▶ Task
The listing below begins with the first line you should copy; stop after the line containing "ohne Tickgeräusche 4062144355022", and drop every picture.

▶ Provided material
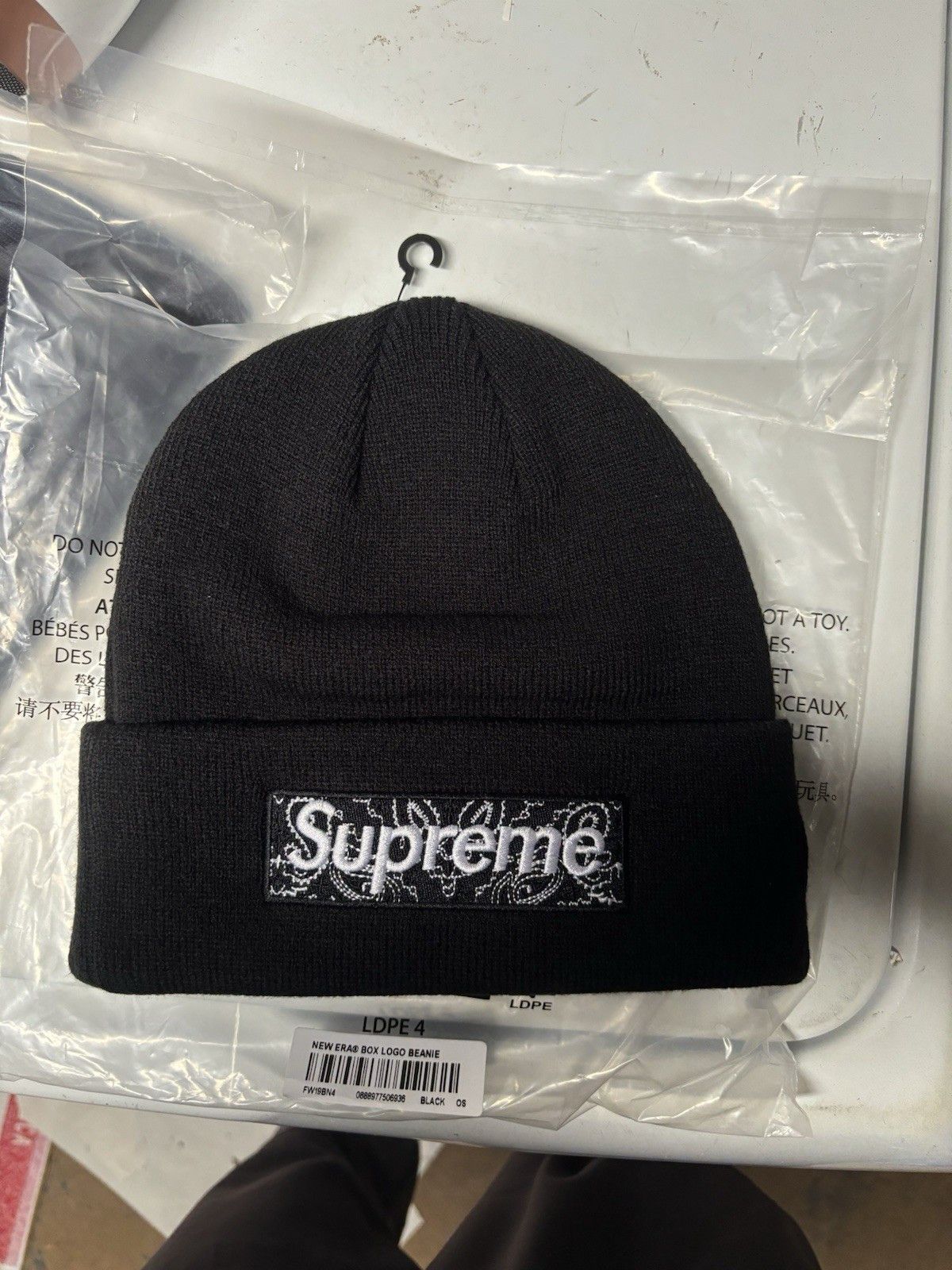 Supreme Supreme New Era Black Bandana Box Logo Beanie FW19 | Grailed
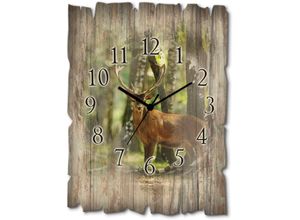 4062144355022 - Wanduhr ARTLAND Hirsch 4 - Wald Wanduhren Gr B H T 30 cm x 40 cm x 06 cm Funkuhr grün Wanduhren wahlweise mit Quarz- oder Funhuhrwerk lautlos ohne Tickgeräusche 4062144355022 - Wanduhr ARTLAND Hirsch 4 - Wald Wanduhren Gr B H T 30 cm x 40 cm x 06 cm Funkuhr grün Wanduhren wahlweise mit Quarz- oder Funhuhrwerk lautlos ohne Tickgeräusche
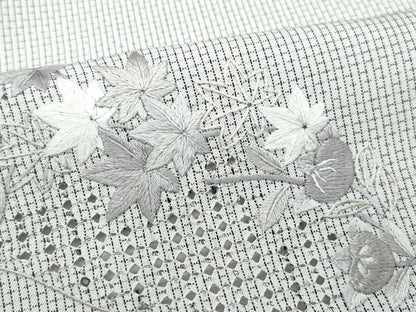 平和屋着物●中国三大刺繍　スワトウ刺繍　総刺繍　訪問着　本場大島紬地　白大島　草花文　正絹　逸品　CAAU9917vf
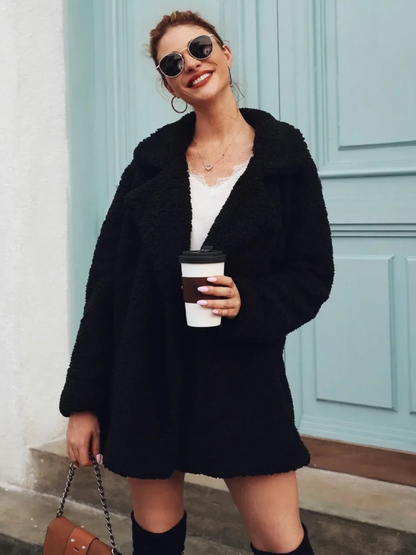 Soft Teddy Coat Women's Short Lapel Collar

▶ Expected answer
 Supreme Supreme New Era Black Bandana Box Logo Beanie FW19 | Grailed
 4062144355022 - Wanduhr ARTLAND Hirsch 4 - Wald Wanduhren Gr B H T 30 cm x 40 cm x 06 cm Funkuhr grün Wanduhren wahlweise mit Quarz- oder Funhuhrwerk lautlos ohne Tickgeräusche 4062144355022 - Wanduhr ARTLAND Hirsch 4 - Wald Wanduhren Gr B H T 30 cm x 40 cm x 06 cm Funkuhr grün Wanduhren wahlweise mit Quarz- oder Funhuhrwerk lautlos ohne Tickgeräusche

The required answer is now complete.